Jeremiah 38

Jeremiah 38 Devotional
by Pastor Mark Hudson

If you are a follower of cultural trends, you have noticed the term `cancel culture.’  If you do not know the term, you know the concept.  Someone says something offensive and people demand that the person should be fired.  This discussion of what constitutes tolerance and intolerance is fascinating.  D. A. Carson’s book The Intolerance of Tolerance, although a bit dated, is an excellent elucidation of this dilemma .  But you need to read and watch this trend as it plays out in our culture.  This is not close to being over.

But, if you think this is a new trend, consider this chapter of Jeremiah.  In fact, during Jeremiah’s time people were saying if you say certain offensive things you should not just be fired . . . you should be killed.  These enemies of Jeremiah even got the king on their side v. 4-5.  The King did not give a lot of thought to his decision as we shall see soon.

So in v. 6, these wonderful, supportive Jewish believers let Jeremiah down to the bottom of an old cistern to sink in the mud.   Then they walked away and let him slowly die.  But God had other plans for Jeremiah.  In v. 7, an Ethiopian eunuch spoke to the King.   He pleaded with the King for Jeremiah’s life.  So in verse 10, the King reverses his earlier decision.  So they toss a rope and rags and pulled  Jeremiah out all muddy with sore arms.  That had to be difficult for Jeremiah; a faithful servant of God and lover of His people so shamefully treated.

Then in v. 14, this same King wants a private audience with Jeremiah.  Jeremiah learns that the king is afraid.  He is afraid of going to Babylon and being dealt with cruelly (v. 19) by his own people.  Sometimes we fail to understand that people in positions of power can feel afraid.  If you are younger you may not realize that adults often feel afraid.  It is not being afraid that is bad but what you do with or because of your fear.  It seems like King Zedekiah may actually heed Jeremiah’s words and go to Babylon.  One tip I learned from a professor in seminary: If you don’t  know the answer?  Keep reading.  Sadly, in the next chapter we read that Zedekiah could not overcome his fears and obey God.  His disobedience cost him dearly.

Jeremiah has been completely consistent with his message.  How many lives could have been saved if they would have listened and obeyed God?  How much tragedy and loss would have been avoided if they would listen to God’s word?  Can’t we say that in every age and in hundreds of times in our own lives?  We could live better, happier lives if we would obey God.  Sin brings misery, pain, hurt, and shame.  Obedience brings joy, blessings, peace, and contentment.  Why then are we so drawn to sin when we know the outcome?  How badly we need Christ.

One other verse of note in this passage.  Did Jeremiah lie in verse 26?  Was it wrong?  He did seem to lie.  Some will say it is always wrong to lie.  For my part if I am hiding a small child from a child molester, I’m lying to keep the child hid.  I’m also lying to Nazi to hide Jews.  Not everyone will agree on this point.  In Jere-miah’s defense (if he needs any), listen to what one commentator writes.  In his discussion of the Ninth Commandment (Systematic Theology – Volume III, Chapter XIX The Law), theologian Charles Hodge writes,  Examples of this kind of deception are numerous in the Old Testament.
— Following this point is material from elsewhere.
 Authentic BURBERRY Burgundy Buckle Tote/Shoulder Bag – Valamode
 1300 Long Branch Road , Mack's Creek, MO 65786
Some of them are simply re-corded facts, without anything to indicate how they were regarded in the sight of God; but others … received either directly or by implication the divine sanction.

… the principle [is] that a higher obligation absolves from a lower [one]. It is a dictate even of the natural conscience. It is evidently right to inflict pain in order to save life. It is right to subject travelers to quarantine, although it may grievously interfere with their wishes or interests, to save a city from pestilence.

The question … is not whether it is ever right to do wrong, … nor is the question whether it is ever right to lie.

The obligation to speak the truth is a very solemn one; and when the choice is left a man to tell a lie or lose his money, he had better let his money go. On the other hand, if a mother sees a murderer in pursuit of her child, she has a perfect right to mislead him by any means in her power, because the general obligation to speak the truth is merged or lost, for the time being, in the higher obligation.

And finally these observations: not only is Jeremiah’s life & ministry a higher value and more important than the curiosity of the court officials (who have NO right or business to know the answer to the question posed to Jeremiah, far less even act upon the curiosity and ask him), but Jeremiah’s answer was not for a wrong motivation. First, he was obeying his king! Second, he was looking to continue his (life endangering) ministry. Third, he was hoping to preserve human life (his own). Each of these are good and noble motivations.

Finally, when we look at the results of the possible answers, The only ones who would “gain” from “the truth” are those trying to do wrong! We have no obligation to intentionally prosper the wicked. By obeying the king, the court officials lost nothing; it caused them no harm. Furthermore, Jeremiah would be able to continue to minister (and live). Those are good.

In summary, we have three independent sets of evaluation each fully supporting Jeremiah’s actions. Did he mislead them? Yes. Was it WRONG? NO. To the contrary, submitting to the men out due to being afraid of not adhering to a principle (rather than the principle Giver) is living by faith in the Lord, nor truly loving Him or His People. It’s living afraid – of people and their self-made standards.